[What is needed] Your answer is a copy of every line in the records where "living" appears.

[Working data]
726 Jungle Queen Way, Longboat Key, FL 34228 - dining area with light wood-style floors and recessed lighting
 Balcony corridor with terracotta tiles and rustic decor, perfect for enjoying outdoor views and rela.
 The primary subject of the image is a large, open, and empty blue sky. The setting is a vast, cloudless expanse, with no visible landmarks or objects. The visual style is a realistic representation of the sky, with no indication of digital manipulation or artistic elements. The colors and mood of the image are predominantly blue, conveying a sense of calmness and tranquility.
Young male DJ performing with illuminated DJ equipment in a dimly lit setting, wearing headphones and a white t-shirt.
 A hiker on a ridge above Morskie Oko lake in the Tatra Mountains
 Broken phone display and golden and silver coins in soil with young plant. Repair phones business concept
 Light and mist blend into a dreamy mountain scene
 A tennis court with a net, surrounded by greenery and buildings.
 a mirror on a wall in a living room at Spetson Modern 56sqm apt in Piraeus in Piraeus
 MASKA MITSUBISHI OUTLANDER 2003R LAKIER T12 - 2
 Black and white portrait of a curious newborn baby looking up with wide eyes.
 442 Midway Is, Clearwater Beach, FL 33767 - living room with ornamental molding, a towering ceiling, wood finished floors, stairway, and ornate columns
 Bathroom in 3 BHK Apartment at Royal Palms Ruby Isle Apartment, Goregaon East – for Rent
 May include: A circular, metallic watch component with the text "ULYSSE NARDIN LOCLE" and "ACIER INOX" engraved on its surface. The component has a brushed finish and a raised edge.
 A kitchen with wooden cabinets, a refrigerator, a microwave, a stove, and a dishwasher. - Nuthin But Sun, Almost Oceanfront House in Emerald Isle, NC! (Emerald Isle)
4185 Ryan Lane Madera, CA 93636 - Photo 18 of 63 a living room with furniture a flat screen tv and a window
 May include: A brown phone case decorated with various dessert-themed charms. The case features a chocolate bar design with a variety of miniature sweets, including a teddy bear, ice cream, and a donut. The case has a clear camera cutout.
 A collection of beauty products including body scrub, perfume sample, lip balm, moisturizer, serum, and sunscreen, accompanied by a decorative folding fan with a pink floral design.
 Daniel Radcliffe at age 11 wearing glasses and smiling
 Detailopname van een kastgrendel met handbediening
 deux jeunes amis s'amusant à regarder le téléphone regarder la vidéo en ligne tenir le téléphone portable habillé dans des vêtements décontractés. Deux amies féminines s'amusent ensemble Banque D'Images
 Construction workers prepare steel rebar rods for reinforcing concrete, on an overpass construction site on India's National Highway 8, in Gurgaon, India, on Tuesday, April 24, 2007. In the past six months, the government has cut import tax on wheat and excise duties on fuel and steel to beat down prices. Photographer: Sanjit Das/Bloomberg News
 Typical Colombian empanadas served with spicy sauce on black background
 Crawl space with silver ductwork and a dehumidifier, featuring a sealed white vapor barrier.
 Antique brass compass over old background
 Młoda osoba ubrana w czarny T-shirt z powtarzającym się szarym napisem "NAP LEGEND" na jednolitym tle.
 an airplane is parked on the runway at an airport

[Answer below]
 a mirror on a wall in a living room at Spetson Modern 56sqm apt in Piraeus in Piraeus
 442 Midway Is, Clearwater Beach, FL 33767 - living room with ornamental molding, a towering ceiling, wood finished floors, stairway, and ornate columns
4185 Ryan Lane Madera, CA 93636 - Photo 18 of 63 a living room with furniture a flat screen tv and a window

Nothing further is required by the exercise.